Fringes suit most clients and with varying lengths and textures. Each variation of fringe has subtle nuances, so you can customise and detail the hair to suit the individual. Importantly, you should be approaching each client individually too, considering all things: their face shape, hair texture and density, hairline, eyes, lifestyle etc and then deciding on the type of fringe that is most suitable, and the technique that will allow you to create the desired result.
FUSE: Any advice on cutting techniques?
THOMAS: I think one of the most useful and versatile approaches for cutting a fringe is to layer square of the hairline. This has endless possibilities with regards to the end result and depending on length and over-direction, you can create so many different types of fringes with this one technique.
Follow these useful and effective cutting approaches to achieve your desired fringe style:
- Cut shorter with no over-direction to achieve a micro-fringe
- Over-direct to each previous for a rounded fringe
- Cut straight out from each section for a squarer fringe
- Leave slightly longer and over-direct section to the centre for a curtain fringe and point cut for softness, or cut blunt for strength
It’s a very versatile technique!
FUSE: What advice should hairdressers give to clients to maintain their hair at home?
THOMAS: Under normal circumstances, I would never encourage clients to take matters into their own hands to try and maintain their fringe at home, but as most people are sitting at home and literally watching their fringe grow before their very eyes, here are a few things to consider and to communicate with your clients.
- Never cut your fringe when it’s wet unless of course, you’re cutting with a razor (which is an advanced move so proceed with caution!) Isolate or section out your fringe either when your hair is dry or take a blow-dryer and gently dry at the natural fall.
- Never use tension when trying to cut your fringe ( i.e. holding in your fingers.) Either comb to its natural fall and cut freehand or slightly elevate away from the face with the larger teeth end of the comb and cut to the desired length.
- Always err on the side of caution, which means: leave it slightly longer to begin with as it’s always easier to take more off than it is to put it back on.

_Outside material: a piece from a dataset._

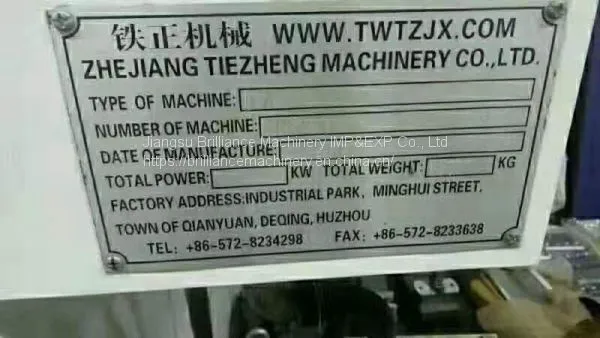 TIEZHENG 650 Engraving & Milling Machine photo-4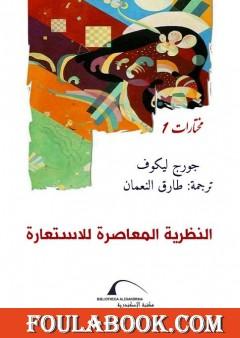 النظرية المعاصرة للاستعارة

Once it’s gone, there’s no going back!
- Point cutting is ALWAYS more forgiving than cutting blunt. Using the tips of the scissors and cutting up into the ends of the hair will give you a slightly softer end result that you can chip away at until you achieve the desired result.
FUSE: Do you need to use different products to style and perfect a fringe?
THOMAS: Product choice should be determined by the type of fringe and overall hairstyle. I think the golden rule when it comes to product selection for your fringe is that it should be consistent with the rest of the hair. So, if you want the fringe to have the same look and feel as the rest of the hair, it’s not a separate entity. Whatever products you are using in the hair, these should be worked through the fringe as well, so the texture is consistent throughout. If anything, maybe use a little less around the fringe area so there isn’t a heavy concentration of product right in the front.
You don’t typically need a lot of hold or control in a fringe unless you’re trying to combat a crazy cowlick in which case, maybe a fringe is not such a good idea! So, product choice should reflect this and a lighter application in the fringe area will always suffice.